# Description of the task:
Copy all lines below exactly as written. Leave pictures out.

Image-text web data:
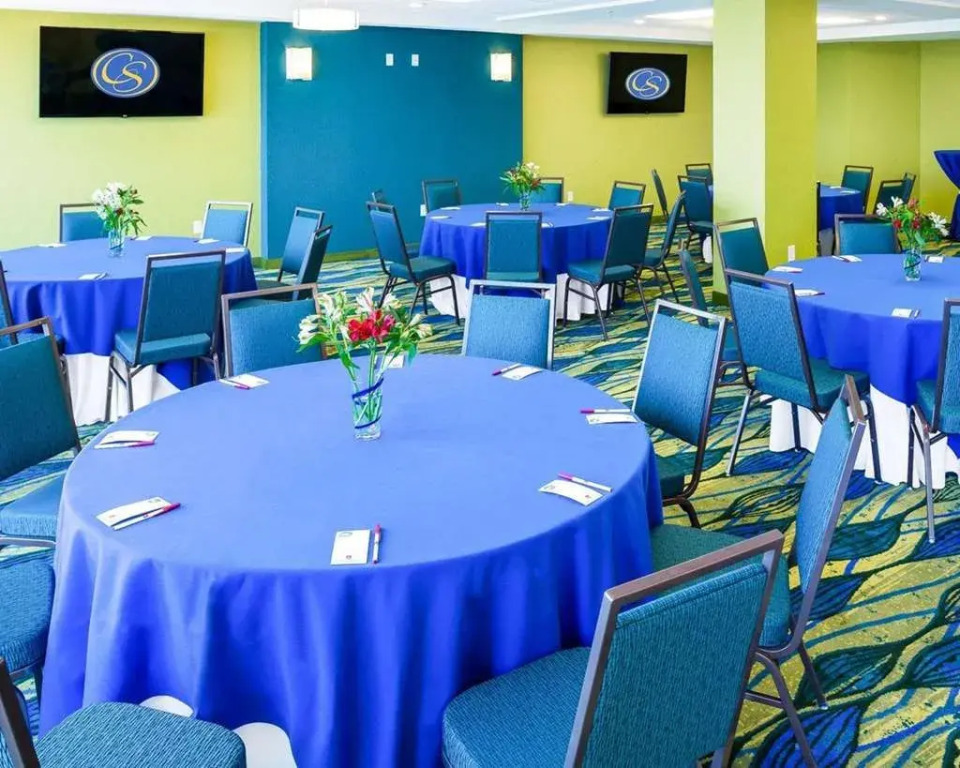 Comfort Suites Beachfront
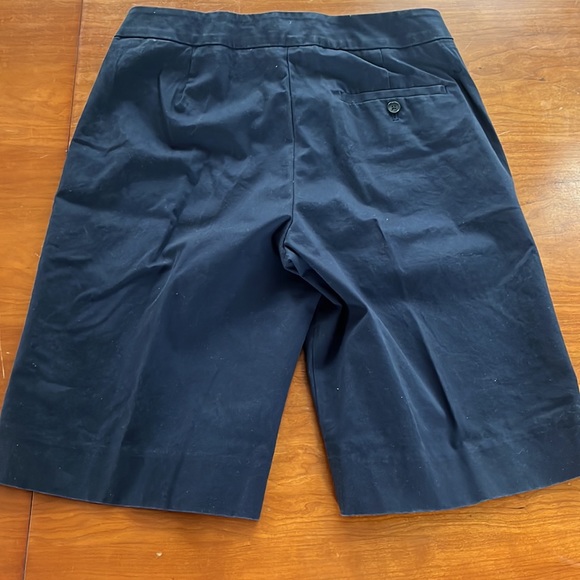 Jones New York Bermuda Shorts Navy Twill Cotton Blend Stretch Shorts w/Side Slit - Picture 10 of 13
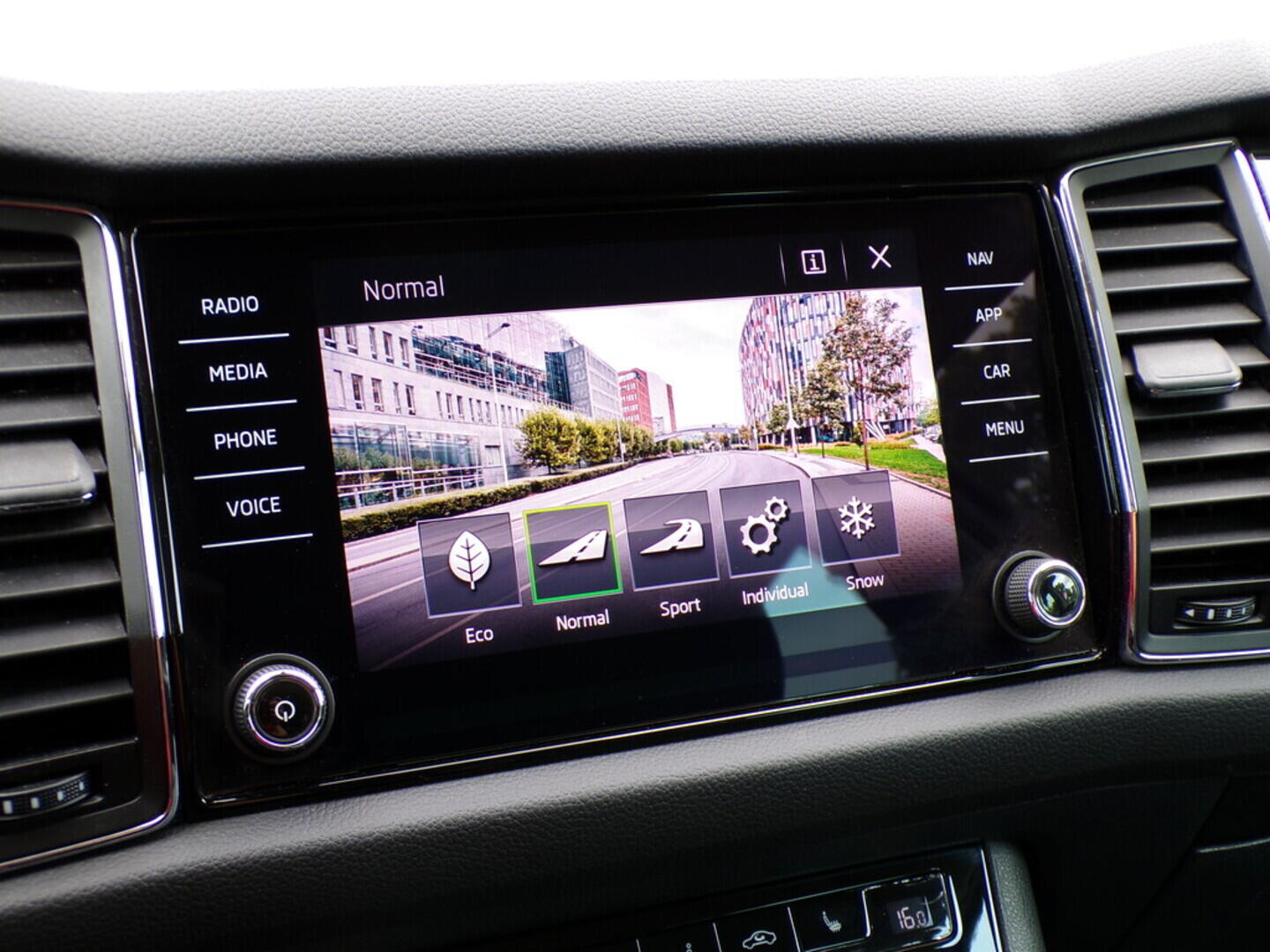 OZ190V01282_38.webp_KODIAQ Style 2.0 TDI 140 kW automat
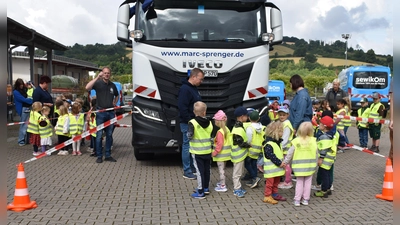 Vor und neben dem LKW waren die toten Winkel mit Absperrband markiert. Die Kinder versteckten sich in diesen Bereichen vor dem „Fahrer“ im Führerhaus.  (Foto: Barbara Siebrecht)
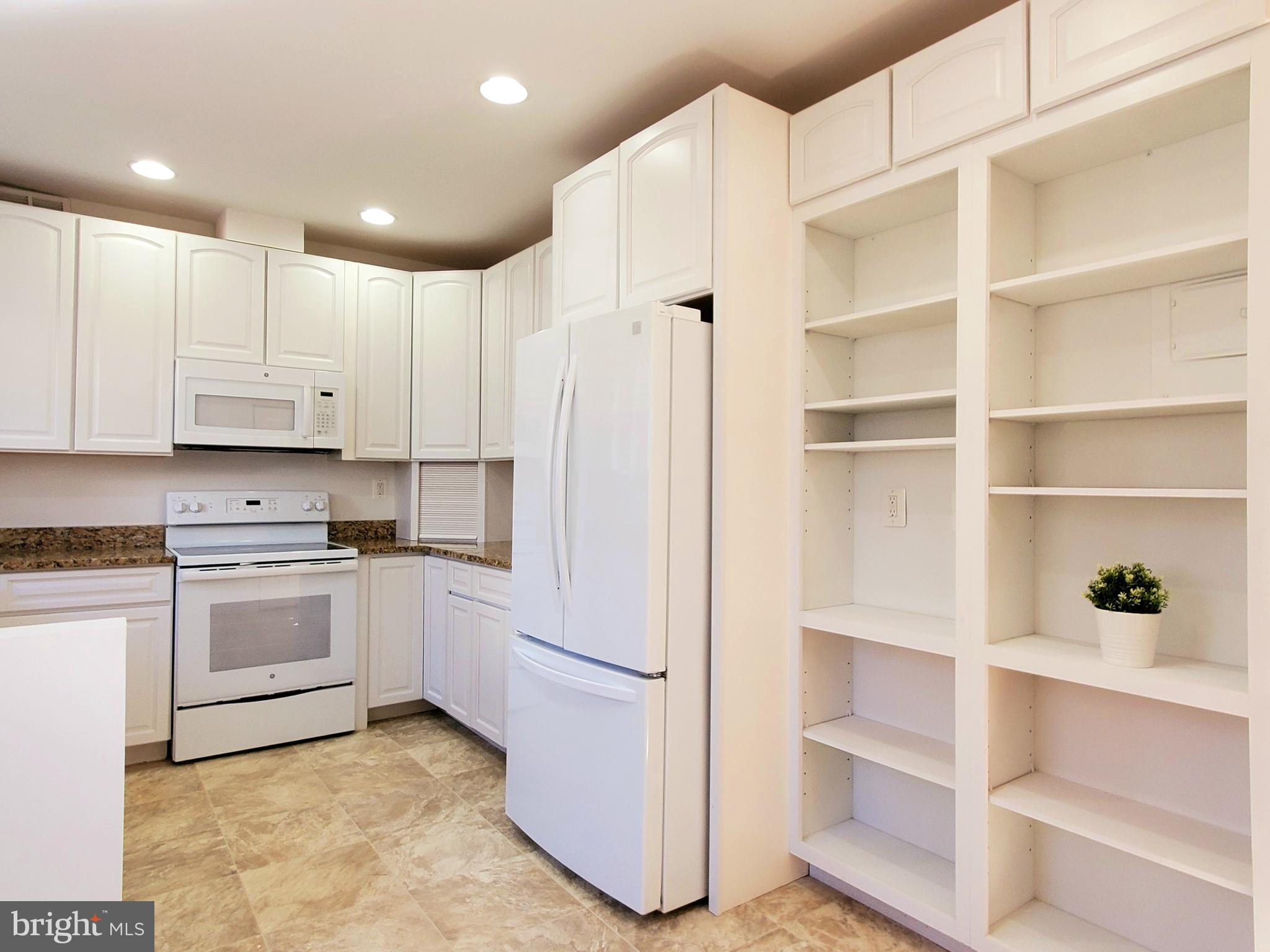 CONGRESSIONAL FOREST - Residential Lease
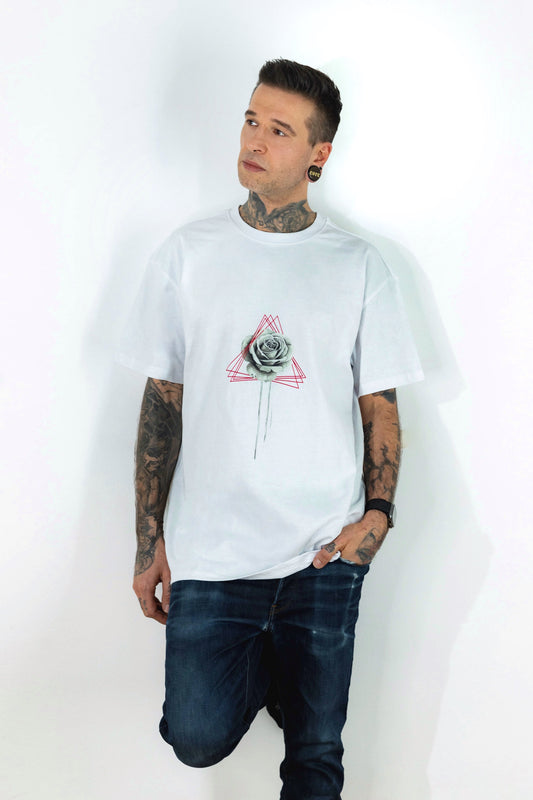 techno-oversize-t-shirt-rote-dreiecke-rose-frontprint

# Response to this task:
 Comfort Suites Beachfront
 Jones New York Bermuda Shorts Navy Twill Cotton Blend Stretch Shorts w/Side Slit - Picture 10 of 13
 OZ190V01282_38.webp_KODIAQ Style 2.0 TDI 140 kW automat
 Vor und neben dem LKW waren die toten Winkel mit Absperrband markiert. Die Kinder versteckten sich in diesen Bereichen vor dem „Fahrer“ im Führerhaus.  (Foto: Barbara Siebrecht)
 CONGRESSIONAL FOREST - Residential Lease
 techno-oversize-t-shirt-rote-dreiecke-rose-frontprint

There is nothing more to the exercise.